Certains logiciels comme Wazuh ou OpenEDR, bien que se revendiquant comme EDR, ne sont pas suffisamment matures dans leur distribution pour être considérés comme tels.

Anecdote : les développeurs de Wazuh ont reclassé leur logiciel comme SIEM (outil de corrélation et d’agrégation d’événements de sécurité). Quant à OpenEDR, il est loin d’être réellement “open” : il nécessite un logiciel serveur (payant et fermé) pour activer toutes ses capacités de détection. La documentation évoque une intégration avec Filebeat vers Elasticsearch, mais celle-ci est incorrecte à cause du format JSON multi-ligne non pris en charge (une obscure configuration existe). Enfin, le projet n’a pas reçu de mise à jour significative depuis trois ans. Cela illustre la fragilité de certains projets EDR open source.

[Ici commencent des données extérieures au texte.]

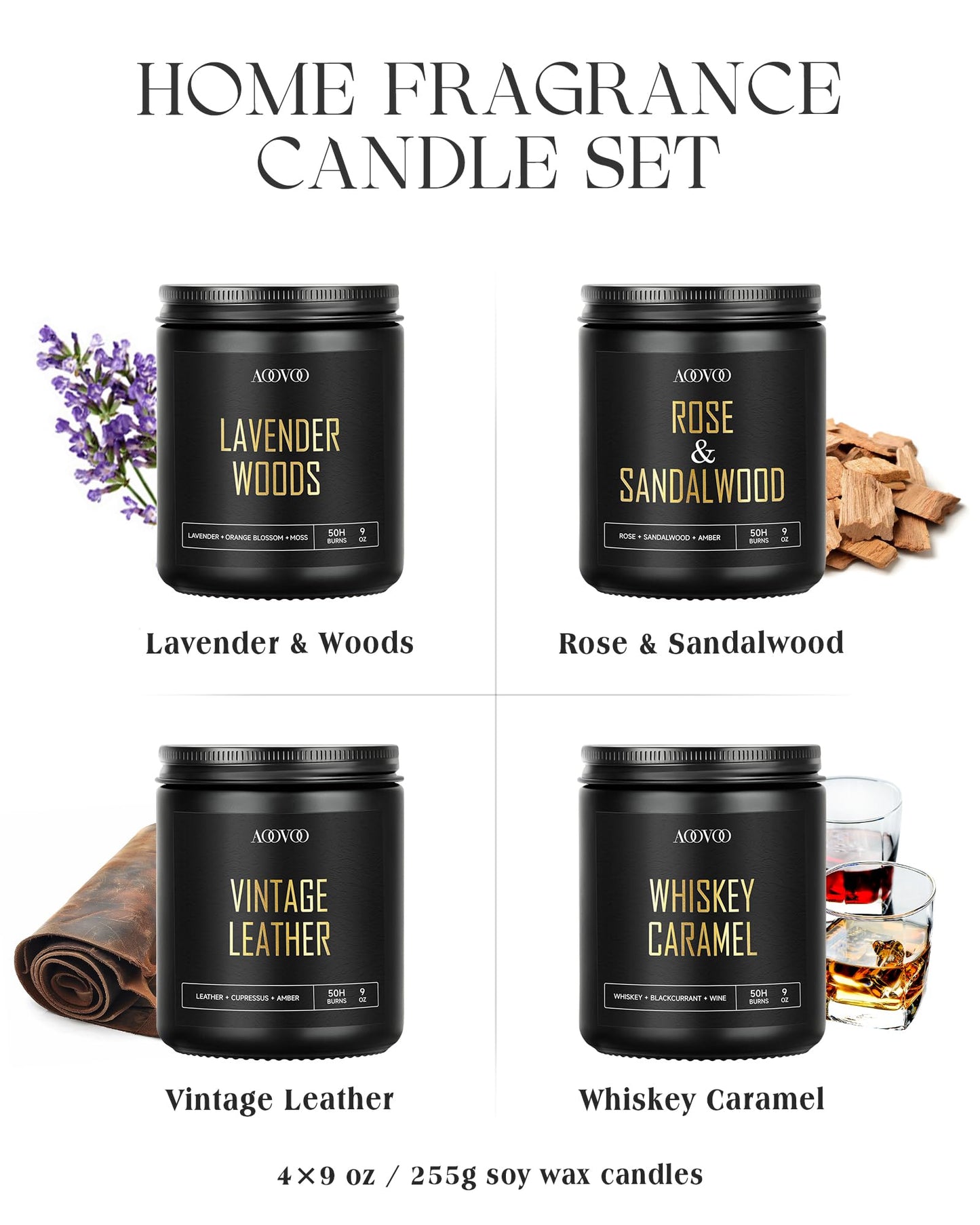 AOOVOO Scented Candles for Men - 4 Pack Candles for Home Scented, 36oz Soy Wax, 200 Hour Burn Time, Men Candle Set, Rose Sandalwood/Whiskey Caramel/Lavender/Leather Candles Set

La télémétrie est essentielle à un EDR. Sans détection, il n’y a pas de réponse. Trop de détection et les équipes de SOC subiront des investigations inutiles. La difficulté des solutions de sécurité basées sur la détection d’attaque est d’éviter qu’une alerte se déclenche là où il n’existe aucun incident. Les éditeurs de solution de sécurité ont pour objectif d’éviter le faux positif. Une mauvaise configuration, et l’EDR se retrouve décrier comme laxiste et autoritaire en même temps.